• **TASK STATEMENT**:
A verbatim copy is needed of the lines below from the one containing "Donna con capelli" up to and including the one containing "Jeune homme debout, portant", excluding pictures.

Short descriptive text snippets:
————

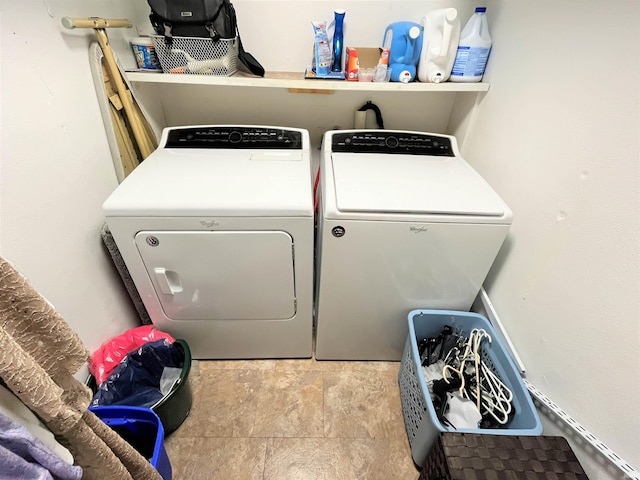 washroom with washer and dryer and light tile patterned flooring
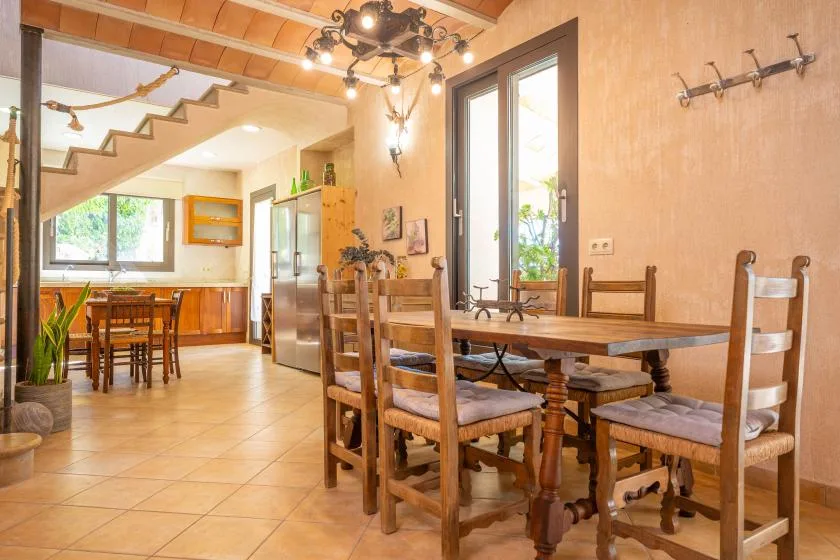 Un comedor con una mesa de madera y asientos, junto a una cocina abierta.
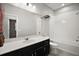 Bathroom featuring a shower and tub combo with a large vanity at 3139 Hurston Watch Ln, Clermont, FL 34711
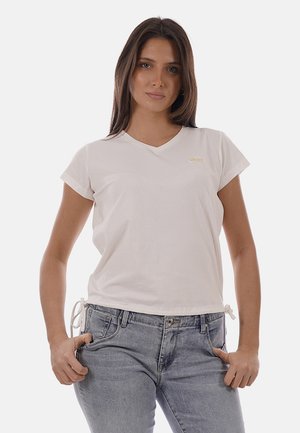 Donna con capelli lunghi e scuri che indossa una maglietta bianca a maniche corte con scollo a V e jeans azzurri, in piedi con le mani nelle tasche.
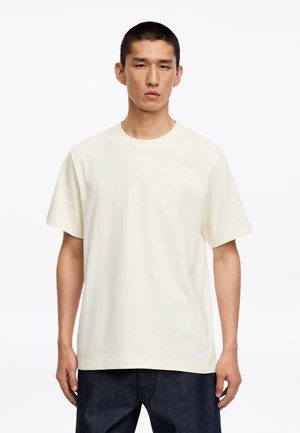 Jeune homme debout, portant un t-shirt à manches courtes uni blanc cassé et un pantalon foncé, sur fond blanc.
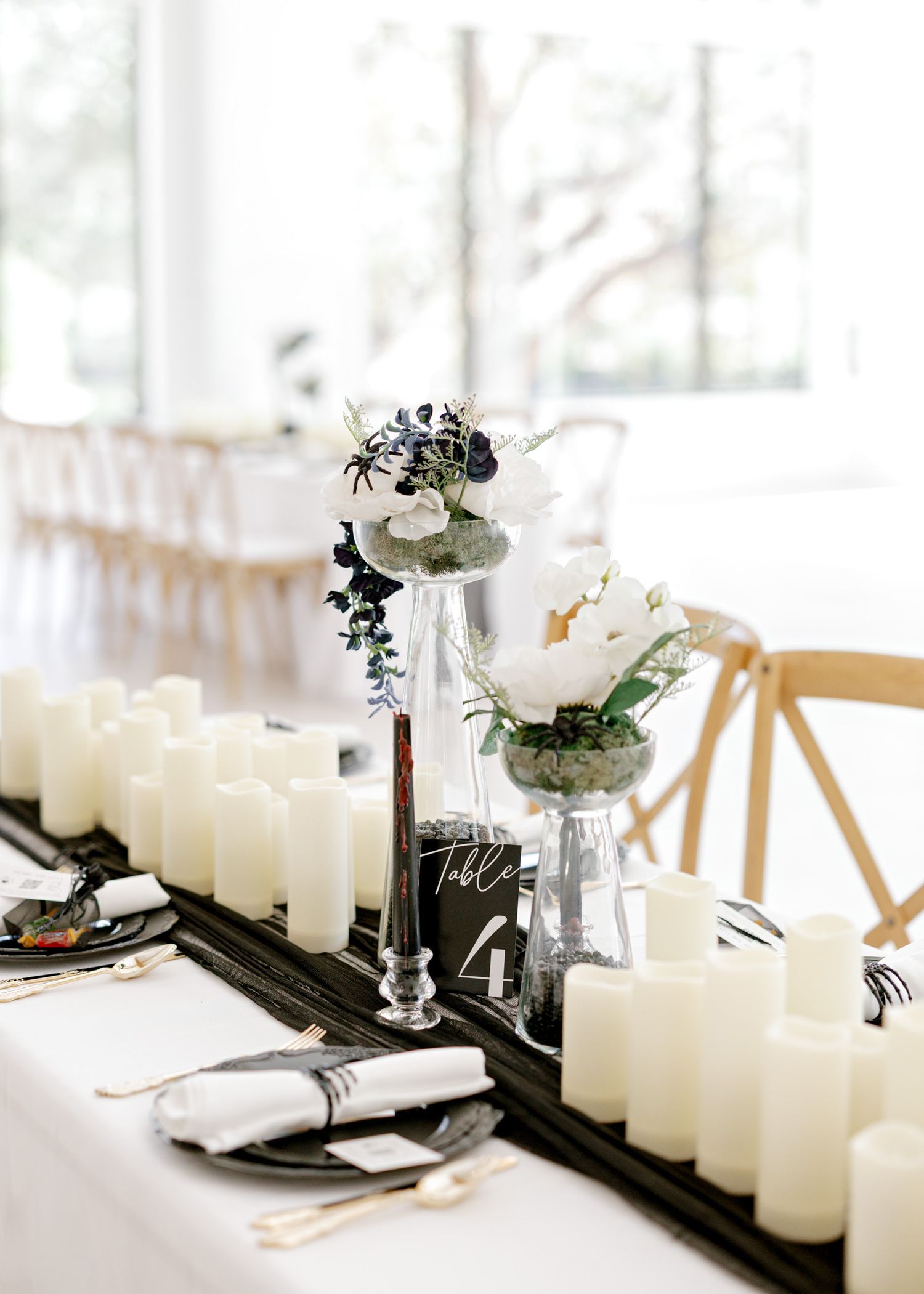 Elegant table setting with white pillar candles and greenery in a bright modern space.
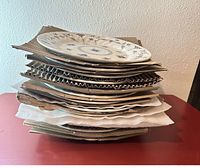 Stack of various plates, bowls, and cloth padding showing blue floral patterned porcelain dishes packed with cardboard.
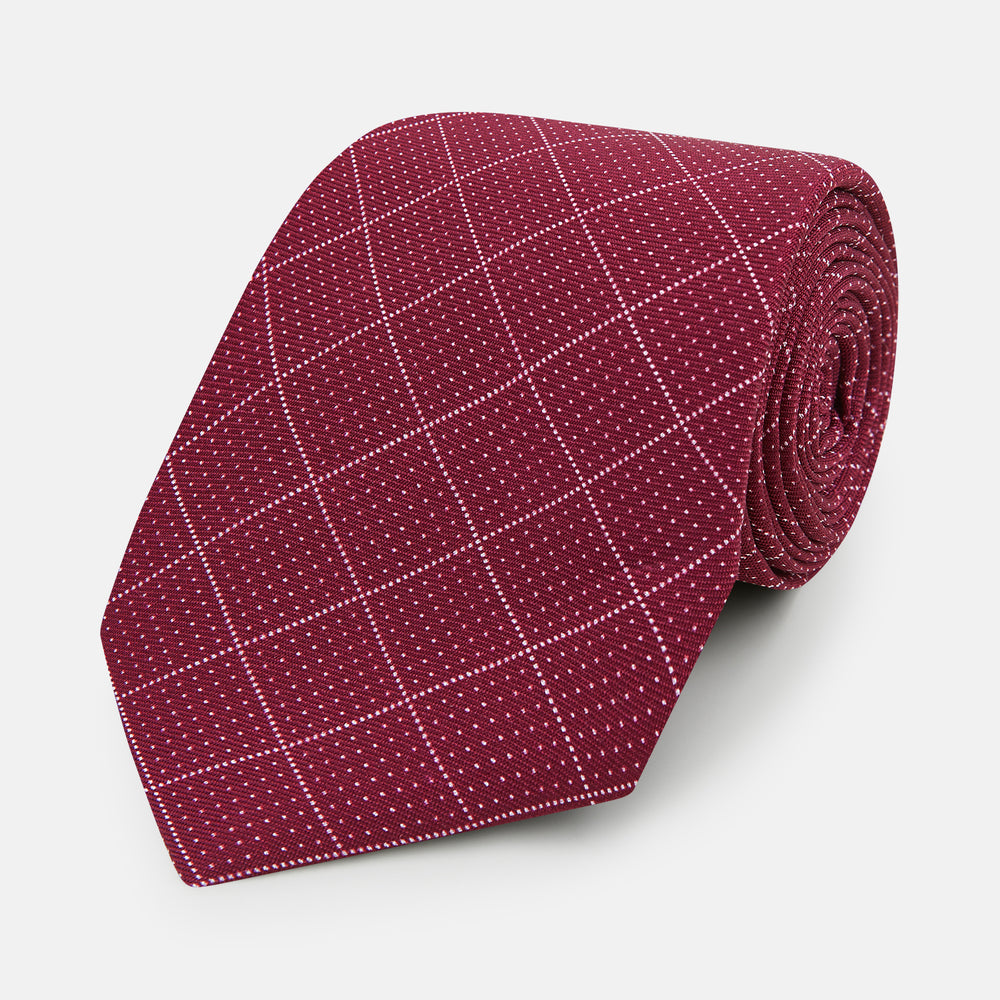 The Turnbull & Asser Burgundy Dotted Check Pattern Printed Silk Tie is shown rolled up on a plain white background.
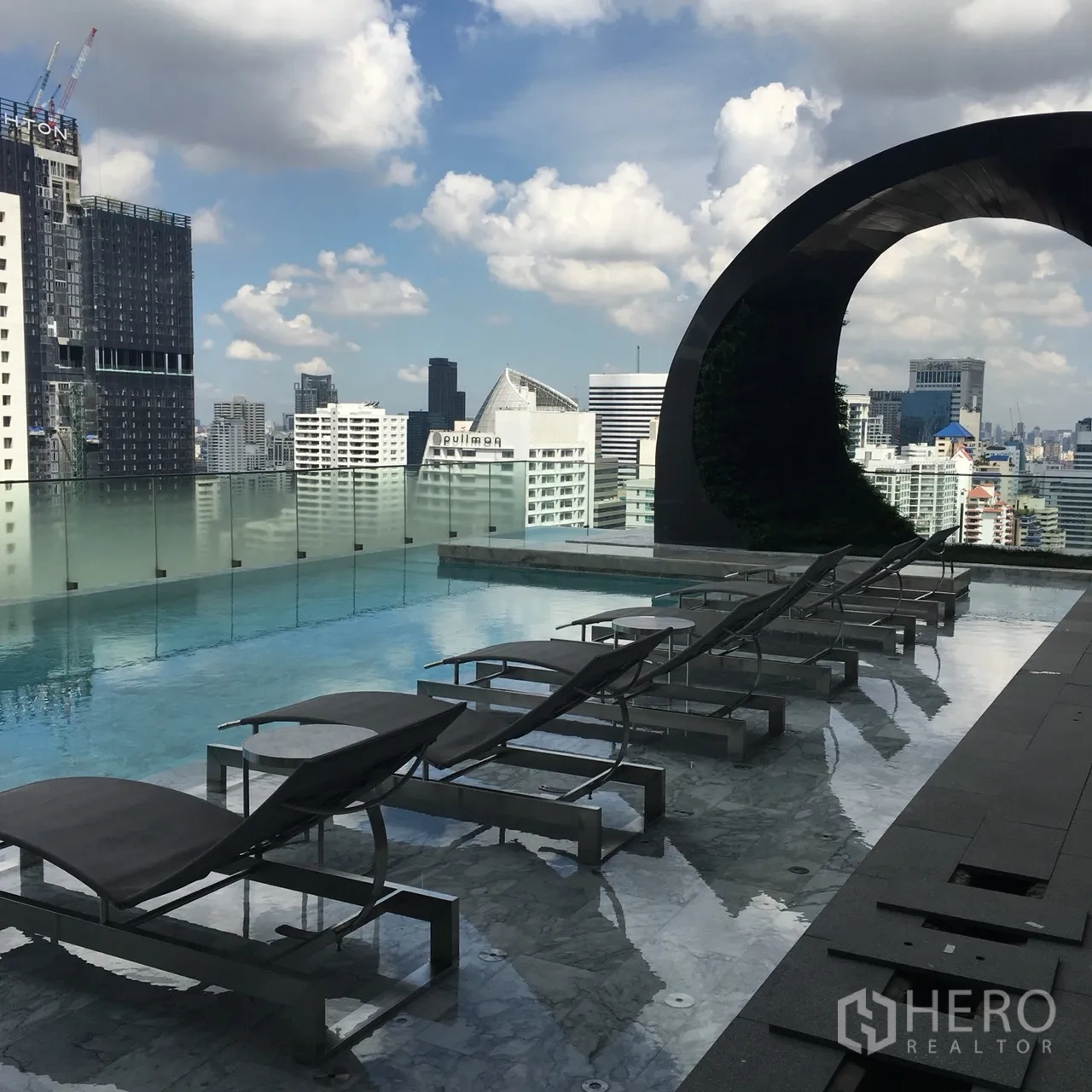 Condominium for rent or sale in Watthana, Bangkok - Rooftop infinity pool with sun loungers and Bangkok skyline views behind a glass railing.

————

• **YOUR RESPONSE**:
 Donna con capelli lunghi e scuri che indossa una maglietta bianca a maniche corte con scollo a V e jeans azzurri, in piedi con le mani nelle tasche.
 Jeune homme debout, portant un t-shirt à manches courtes uni blanc cassé et un pantalon foncé, sur fond blanc.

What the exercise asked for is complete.